**GOAL OF THE EXERCISE:** Your answer should be the full listing, copied word for word.
___ DATA EXTRACTS
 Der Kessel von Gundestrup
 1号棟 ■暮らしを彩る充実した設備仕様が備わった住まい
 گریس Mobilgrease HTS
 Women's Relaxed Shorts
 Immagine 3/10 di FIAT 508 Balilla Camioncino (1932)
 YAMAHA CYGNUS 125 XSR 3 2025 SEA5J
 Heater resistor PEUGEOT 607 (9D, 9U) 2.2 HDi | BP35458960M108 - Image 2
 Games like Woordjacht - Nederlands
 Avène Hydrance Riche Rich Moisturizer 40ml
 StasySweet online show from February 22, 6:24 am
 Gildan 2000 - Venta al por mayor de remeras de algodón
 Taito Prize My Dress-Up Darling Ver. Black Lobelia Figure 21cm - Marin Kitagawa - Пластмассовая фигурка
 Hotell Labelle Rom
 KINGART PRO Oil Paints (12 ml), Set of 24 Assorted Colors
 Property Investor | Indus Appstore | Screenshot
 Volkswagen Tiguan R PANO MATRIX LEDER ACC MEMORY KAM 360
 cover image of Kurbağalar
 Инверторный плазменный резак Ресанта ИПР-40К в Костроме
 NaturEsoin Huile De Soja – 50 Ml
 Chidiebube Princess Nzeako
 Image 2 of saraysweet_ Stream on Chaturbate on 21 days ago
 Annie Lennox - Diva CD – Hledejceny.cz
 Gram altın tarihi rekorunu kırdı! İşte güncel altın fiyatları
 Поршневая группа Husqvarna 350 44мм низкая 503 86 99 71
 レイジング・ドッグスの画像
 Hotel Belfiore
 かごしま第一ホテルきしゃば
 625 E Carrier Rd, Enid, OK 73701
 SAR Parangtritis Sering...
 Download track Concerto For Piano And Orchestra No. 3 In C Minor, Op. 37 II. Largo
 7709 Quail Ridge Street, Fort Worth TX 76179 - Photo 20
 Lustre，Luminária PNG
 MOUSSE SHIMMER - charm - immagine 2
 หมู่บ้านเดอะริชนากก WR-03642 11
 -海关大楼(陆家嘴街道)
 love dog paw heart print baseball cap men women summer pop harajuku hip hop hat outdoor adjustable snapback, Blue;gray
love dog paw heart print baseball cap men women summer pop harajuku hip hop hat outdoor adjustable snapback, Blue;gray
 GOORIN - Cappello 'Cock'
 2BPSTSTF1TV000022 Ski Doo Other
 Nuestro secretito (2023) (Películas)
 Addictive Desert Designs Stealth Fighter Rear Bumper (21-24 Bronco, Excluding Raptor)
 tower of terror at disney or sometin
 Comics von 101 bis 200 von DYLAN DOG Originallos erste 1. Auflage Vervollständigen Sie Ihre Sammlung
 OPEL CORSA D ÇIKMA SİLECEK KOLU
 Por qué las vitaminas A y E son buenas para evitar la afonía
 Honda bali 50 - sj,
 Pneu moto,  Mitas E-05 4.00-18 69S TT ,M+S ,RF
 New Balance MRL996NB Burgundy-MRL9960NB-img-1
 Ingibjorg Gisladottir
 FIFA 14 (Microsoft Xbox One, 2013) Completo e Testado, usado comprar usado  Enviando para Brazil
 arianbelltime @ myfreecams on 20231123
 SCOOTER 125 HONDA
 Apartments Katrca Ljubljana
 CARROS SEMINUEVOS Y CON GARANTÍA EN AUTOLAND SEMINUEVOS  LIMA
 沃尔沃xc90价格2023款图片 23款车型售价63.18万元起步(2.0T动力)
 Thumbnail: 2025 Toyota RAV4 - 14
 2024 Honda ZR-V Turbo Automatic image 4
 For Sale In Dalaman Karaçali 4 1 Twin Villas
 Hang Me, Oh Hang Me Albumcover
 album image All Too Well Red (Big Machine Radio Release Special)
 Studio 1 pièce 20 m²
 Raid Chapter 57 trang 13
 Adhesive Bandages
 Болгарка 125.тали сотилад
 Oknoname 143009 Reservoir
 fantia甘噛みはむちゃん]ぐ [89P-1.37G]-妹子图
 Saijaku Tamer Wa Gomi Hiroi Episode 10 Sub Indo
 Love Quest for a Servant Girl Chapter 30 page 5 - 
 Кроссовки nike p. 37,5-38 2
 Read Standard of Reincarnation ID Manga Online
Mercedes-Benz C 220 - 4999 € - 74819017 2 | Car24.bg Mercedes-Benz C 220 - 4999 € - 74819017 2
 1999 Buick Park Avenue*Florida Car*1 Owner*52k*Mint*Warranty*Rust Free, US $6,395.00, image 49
______
**RESULT OF THIS TASK:**
 Der Kessel von Gundestrup
 1号棟 ■暮らしを彩る充実した設備仕様が備わった住まい
 گریس Mobilgrease HTS
 Women's Relaxed Shorts
 Immagine 3/10 di FIAT 508 Balilla Camioncino (1932)
 YAMAHA CYGNUS 125 XSR 3 2025 SEA5J
 Heater resistor PEUGEOT 607 (9D, 9U) 2.2 HDi | BP35458960M108 - Image 2
 Games like Woordjacht - Nederlands
 Avène Hydrance Riche Rich Moisturizer 40ml
 StasySweet online show from February 22, 6:24 am
 Gildan 2000 - Venta al por mayor de remeras de algodón
 Taito Prize My Dress-Up Darling Ver. Black Lobelia Figure 21cm - Marin Kitagawa - Пластмассовая фигурка
 Hotell Labelle Rom
 KINGART PRO Oil Paints (12 ml), Set of 24 Assorted Colors
 Property Investor | Indus Appstore | Screenshot
 Volkswagen Tiguan R PANO MATRIX LEDER ACC MEMORY KAM 360
 cover image of Kurbağalar
 Инверторный плазменный резак Ресанта ИПР-40К в Костроме
 NaturEsoin Huile De Soja – 50 Ml
 Chidiebube Princess Nzeako
 Image 2 of saraysweet_ Stream on Chaturbate on 21 days ago
 Annie Lennox - Diva CD – Hledejceny.cz
 Gram altın tarihi rekorunu kırdı! İşte güncel altın fiyatları
 Поршневая группа Husqvarna 350 44мм низкая 503 86 99 71
 レイジング・ドッグスの画像
 Hotel Belfiore
 かごしま第一ホテルきしゃば
 625 E Carrier Rd, Enid, OK 73701
 SAR Parangtritis Sering...
 Download track Concerto For Piano And Orchestra No. 3 In C Minor, Op. 37 II. Largo
 7709 Quail Ridge Street, Fort Worth TX 76179 - Photo 20
 Lustre，Luminária PNG
 MOUSSE SHIMMER - charm - immagine 2
 หมู่บ้านเดอะริชนากก WR-03642 11
 -海关大楼(陆家嘴街道)
 love dog paw heart print baseball cap men women summer pop harajuku hip hop hat outdoor adjustable snapback, Blue;gray
love dog paw heart print baseball cap men women summer pop harajuku hip hop hat outdoor adjustable snapback, Blue;gray
 GOORIN - Cappello 'Cock'
 2BPSTSTF1TV000022 Ski Doo Other
 Nuestro secretito (2023) (Películas)
 Addictive Desert Designs Stealth Fighter Rear Bumper (21-24 Bronco, Excluding Raptor)
 tower of terror at disney or sometin
 Comics von 101 bis 200 von DYLAN DOG Originallos erste 1. Auflage Vervollständigen Sie Ihre Sammlung
 OPEL CORSA D ÇIKMA SİLECEK KOLU
 Por qué las vitaminas A y E son buenas para evitar la afonía
 Honda bali 50 - sj,
 Pneu moto,  Mitas E-05 4.00-18 69S TT ,M+S ,RF
 New Balance MRL996NB Burgundy-MRL9960NB-img-1
 Ingibjorg Gisladottir
 FIFA 14 (Microsoft Xbox One, 2013) Completo e Testado, usado comprar usado  Enviando para Brazil
 arianbelltime @ myfreecams on 20231123
 SCOOTER 125 HONDA
 Apartments Katrca Ljubljana
 CARROS SEMINUEVOS Y CON GARANTÍA EN AUTOLAND SEMINUEVOS  LIMA
 沃尔沃xc90价格2023款图片 23款车型售价63.18万元起步(2.0T动力)
 Thumbnail: 2025 Toyota RAV4 - 14
 2024 Honda ZR-V Turbo Automatic image 4
 For Sale In Dalaman Karaçali 4 1 Twin Villas
 Hang Me, Oh Hang Me Albumcover
 album image All Too Well Red (Big Machine Radio Release Special)
 Studio 1 pièce 20 m²
 Raid Chapter 57 trang 13
 Adhesive Bandages
 Болгарка 125.тали сотилад
 Oknoname 143009 Reservoir
 fantia甘噛みはむちゃん]ぐ [89P-1.37G]-妹子图
 Saijaku Tamer Wa Gomi Hiroi Episode 10 Sub Indo
 Love Quest for a Servant Girl Chapter 30 page 5 - 
 Кроссовки nike p. 37,5-38 2
 Read Standard of Reincarnation ID Manga Online
Mercedes-Benz C 220 - 4999 € - 74819017 2 | Car24.bg Mercedes-Benz C 220 - 4999 € - 74819017 2
 1999 Buick Park Avenue*Florida Car*1 Owner*52k*Mint*Warranty*Rust Free, US $6,395.00, image 49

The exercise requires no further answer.